▶ [Task material]
◇ ◇ ◇ ◇ ◇

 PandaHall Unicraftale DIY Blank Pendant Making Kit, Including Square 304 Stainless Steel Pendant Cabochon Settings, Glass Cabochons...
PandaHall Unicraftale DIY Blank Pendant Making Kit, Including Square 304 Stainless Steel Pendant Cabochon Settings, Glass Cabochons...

◇ ◇ ◇ ◇ ◇

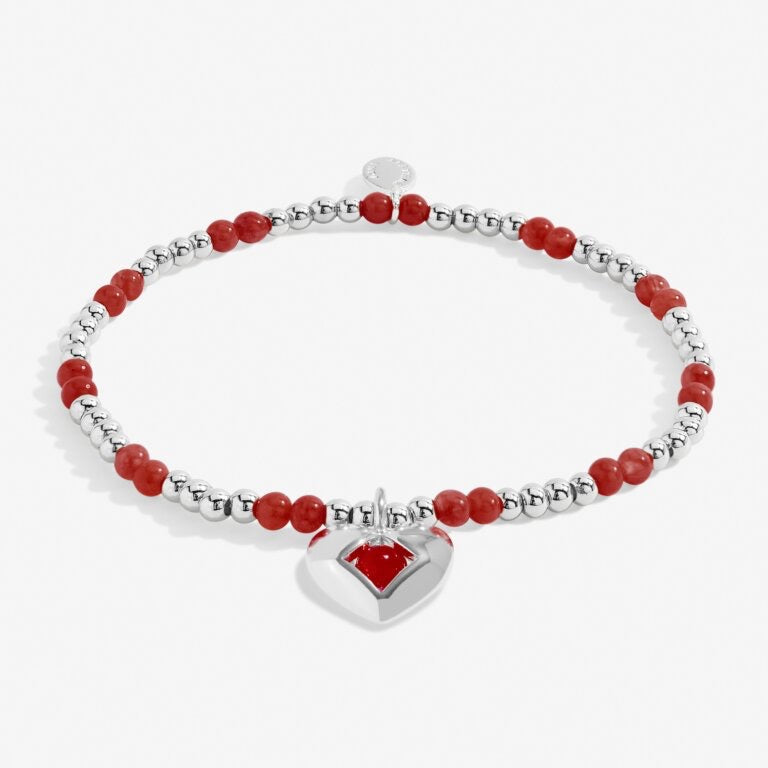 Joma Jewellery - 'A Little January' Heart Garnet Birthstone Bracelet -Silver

◇ ◇ ◇ ◇ ◇

Lines in the listing above that contain the word "Glass" must be copied; leave out the rest.

 PandaHall Unicraftale DIY Blank Pendant Making Kit, Including Square 304 Stainless Steel Pendant Cabochon Settings, Glass Cabochons...
PandaHall Unicraftale DIY Blank Pendant Making Kit, Including Square 304 Stainless Steel Pendant Cabochon Settings, Glass Cabochons...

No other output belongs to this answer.